=== Section Start ===
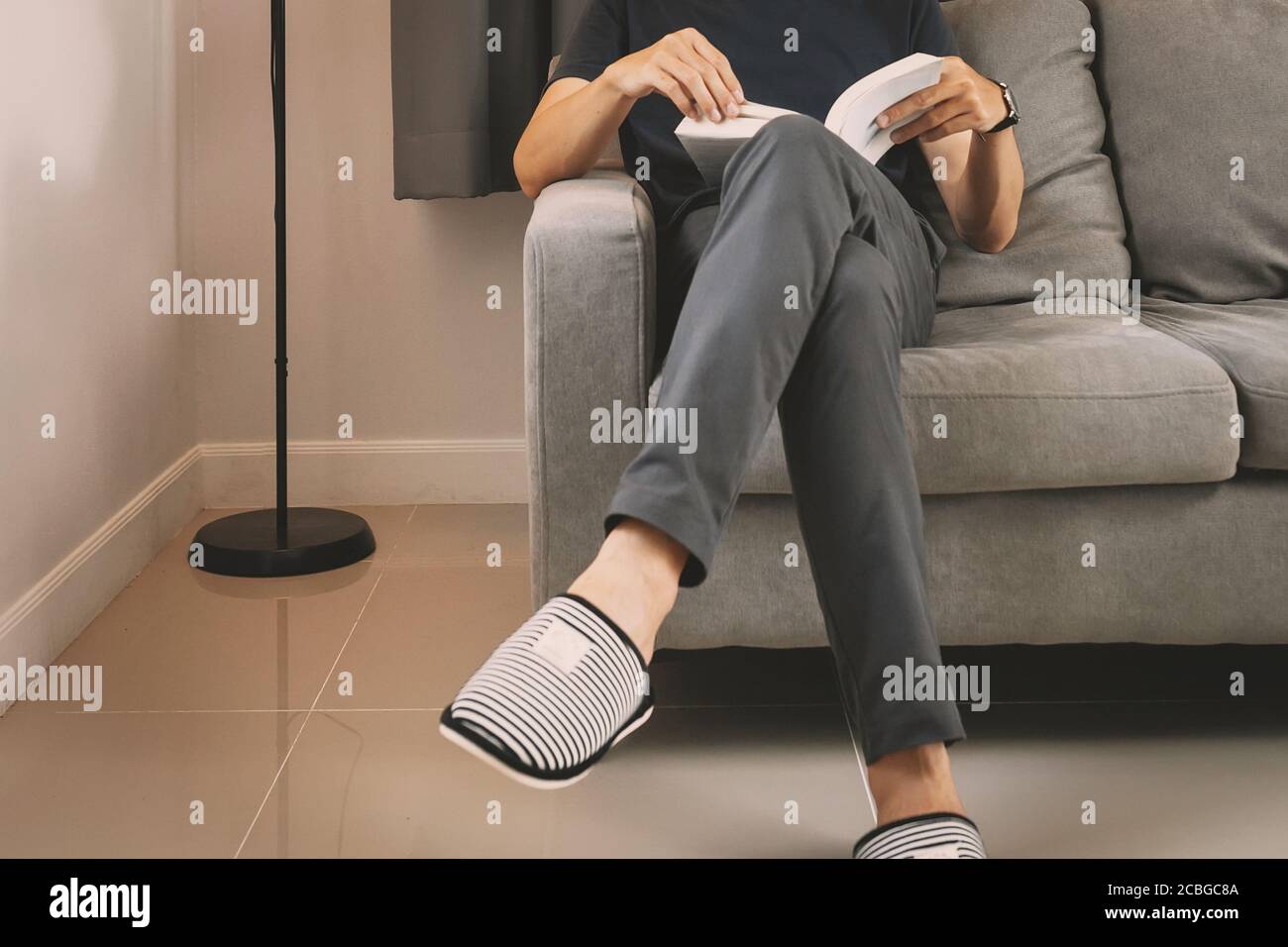 Young man sit down on the sofa reading book at home. Stock Photo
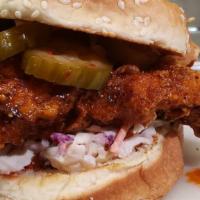 Pacific Hot Chicken Lunch Box · Our Hot Chicken Sandwich covered in a smoky/sweet/spicy blend of chiles, with one small side...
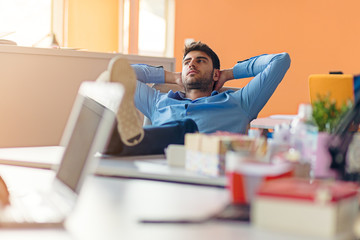 caucasian business person sitting in office thinking daydreaming hands behind head.
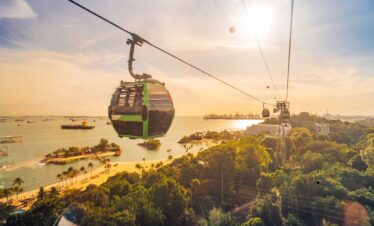 Singapore cable car gliding through the sky at sunset, with vibrant orange and purple hues illuminating the scene.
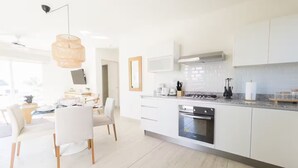 A modern kitchen with white cabinetry, a built-in oven, and a dining area with white chairs and a table. - Ocean Splendor Villa -C15-PBB-2 bed, 2 bath (Punta Chame)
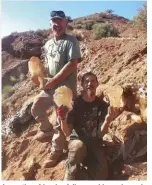  ?? CHRISTOPHE­R HARDY ?? Long-time friends , fellow rockhounds, and co-claim owners of Creamsicle, Jole Merrill (standing) and Paul Fabela, display samples of selenite examples from the claim.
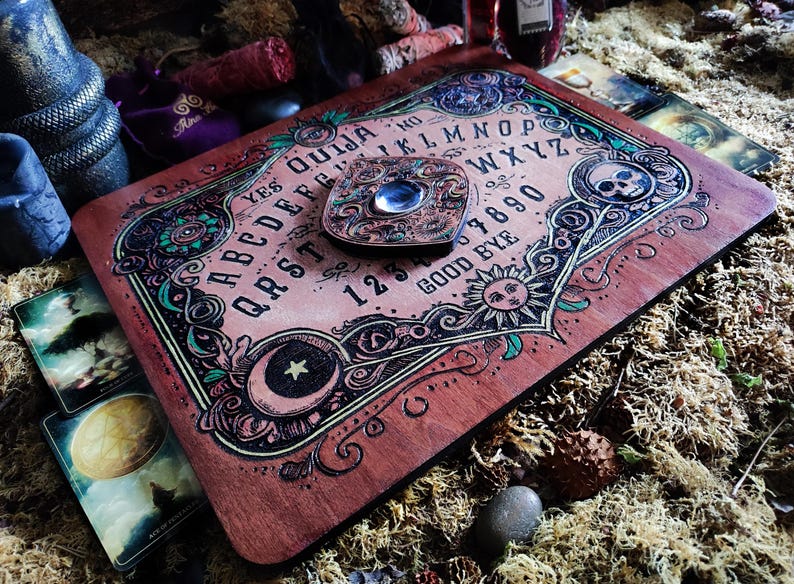 May include: A wooden Ouija board with a planchette in the center. The board has a dark red stain and features a decorative design with green, black, and gold accents. The board includes the alphabet, numbers 1-9 and 0, and the words "yes", "no", "good bye", and "Ouija".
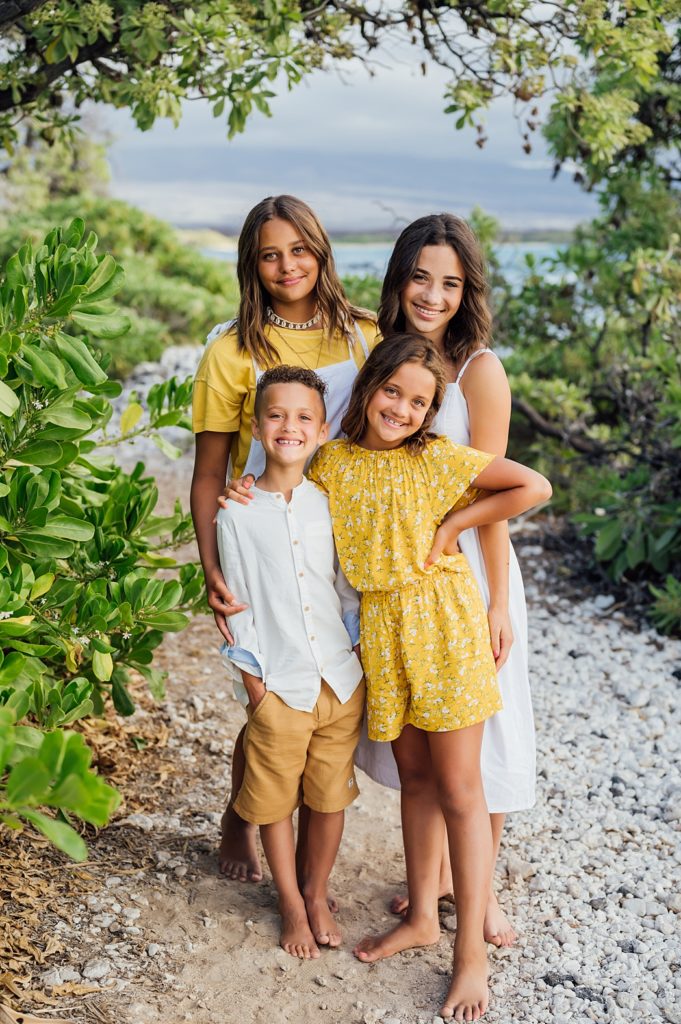 siblings with their white and yellow outfit during their vacation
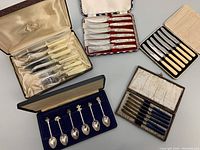 Overview of various antique and vintage cutlery sets and collector spoons in their original cases, showing the assortment included in the lot.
=== Section End ===
• [Your assignment]: No picture is to be printed. Output exactly the lines above from the line containing "Pacific Hot Chicken" through the line containing "Singapore cable car".

• [Solution to this task]:
 Pacific Hot Chicken Lunch Box · Our Hot Chicken Sandwich covered in a smoky/sweet/spicy blend of chiles, with one small side...
 caucasian business person sitting in office thinking daydreaming hands behind head.
 Singapore cable car gliding through the sky at sunset, with vibrant orange and purple hues illuminating the scene.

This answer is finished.